Next, we examined the role of tyrosine phosphorylation of ZBP1 in local β-actin synthesis in growth cones. The phospho-mutant Y396F was previously shown to strongly repress β-actin translation in HEK293 cells as analyzed using luciferase reporters (Huttelmaier et al., 2005). Thus, we investigated whether the Y396F mutant would block BDNF-induced synthesis of endogenous β-actin in neurons, suggesting an inability to derepress mRNA translation. It has yet to be examined whether this mutant impairs the regulation of β-actin synthesis and localization.
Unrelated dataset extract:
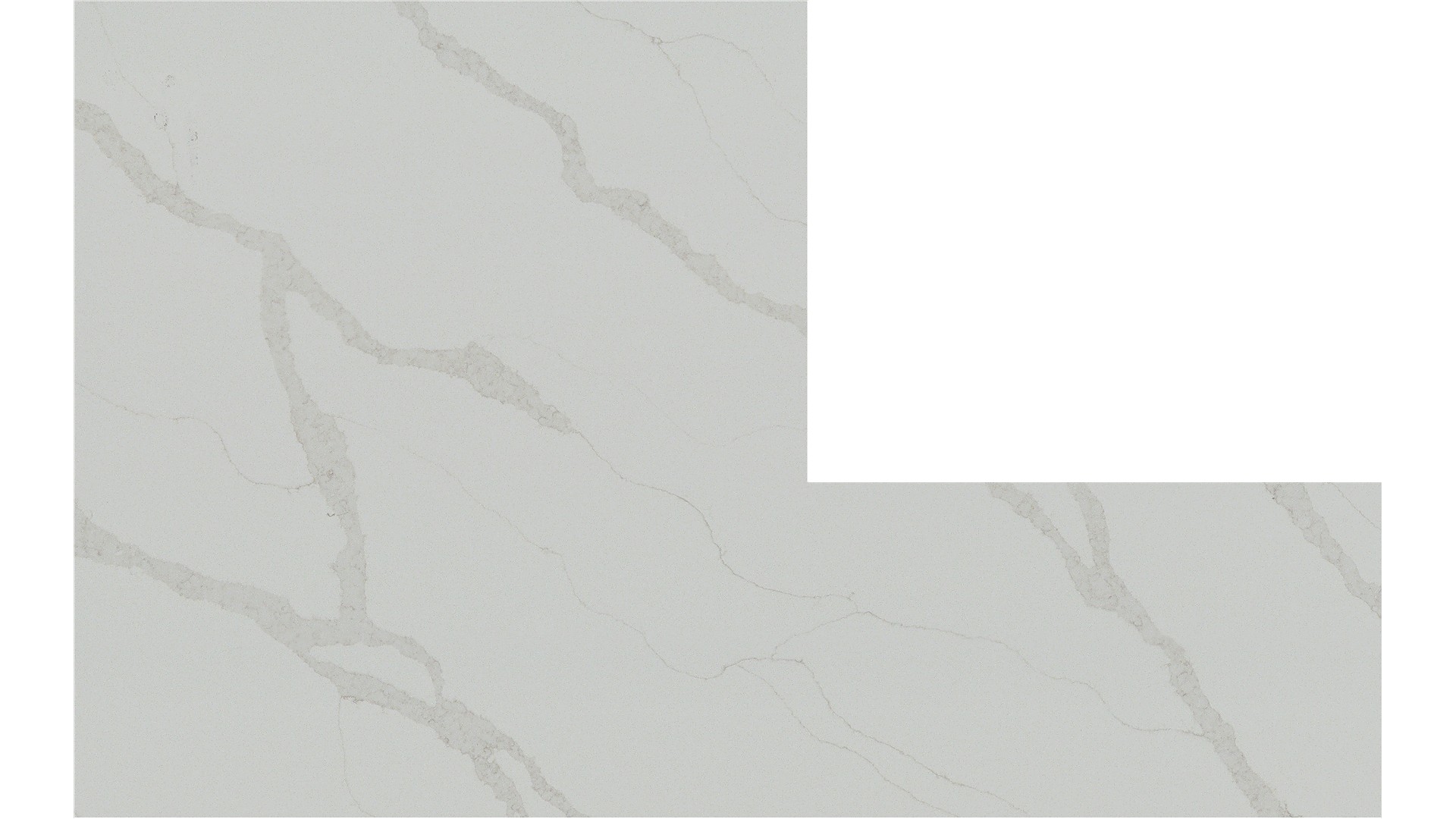 Calacatta Elysio Q Quartz Slabs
Cortical neurons transfected with ZBP1 wt or Y396F were stimulated with BDNF, and endogenous β-actin protein localization in growth cones was analyzed by IF using an anti-β-actin antibody. BDNF promoted an increase in β-actin protein in growth cones of neurons transfected with wild type, but not the Y396F mutant (Fig. 4A). The increase in β-actin protein was more prominent in filopodia and lamellipodia of growth cones. Quantitative analysis demonstrated that the increase in β-actin in growth cones of neurons transfected with ZBP1 wt, but not Y396F, was significant at 15 and 30 min after BDNF stimulation (Fig. 4B). In growth cones of neurons transfected with wild type ZBP1, the increase in β-actin was blocked by a protein synthesis inhibitor, anisomycin (Fig. 4C). These data suggest that BDNF facilitates β-actin localization in growth cones in a protein synthesis-dependent manner via the phosphorylation of ZBP1 at Tyr396.
To examine the role of tyrosine phosphorylation in the regulation of local protein synthesis in growth cones, we developed a modified method to normalize and quantify local translation in a growth cone by co-transfection of a GFP–β-actin 3’UTR translation reporter and an mCherry reporter for normalization (Fig. 5A). We created two versions of the GFP translation reporter, either with or without the full length of 3’UTR of β-actin. We used a membrane-tagged, short-lived EGFP variant, as used previously with the CaMKIIα 3’UTR as a translation reporter in dendrites (Aakalu et al., 2001). We confirmed that the β-actin version of the GFP reporter (gd2G + 3’UTR, Fig. 5A) demonstrated increased fluorescence intensity over time in a protein synthesis-dependent manner (Figs. S4, S5), similar to the CaMKIIα 3’UTR reporter in dendrites (Aakalu et al., 2001). Normalization of EGFP intensity to mCherry was used to quantify translational responses of individual growth cones in response to BDNF that were mediated by the 3’UTR of β-actin (Fig. 5A, B). Since the mCherry reporter (gd2R) has the same membrane-tag and short lived sequences of the EGFP reporter (gd2G + 3’UTR), but lacks the 3’UTR, the turnover and membrane localization of the mCherry reporter should be the same as the GFP reporter. This allowed for normalization of GFP fluorescence due to variability in thickness of growth cones and diffusion of the GFP reporter during live imaging for 1hr. A limitation using single fluorescent reporters for analysis of local translation is that one cannot eliminate the possibility that some of the GFP signal was derived from transport or diffusion from the neurite into the growth cones, therefore the normalization of mCherry signal within the same cells provides an ideal internal control.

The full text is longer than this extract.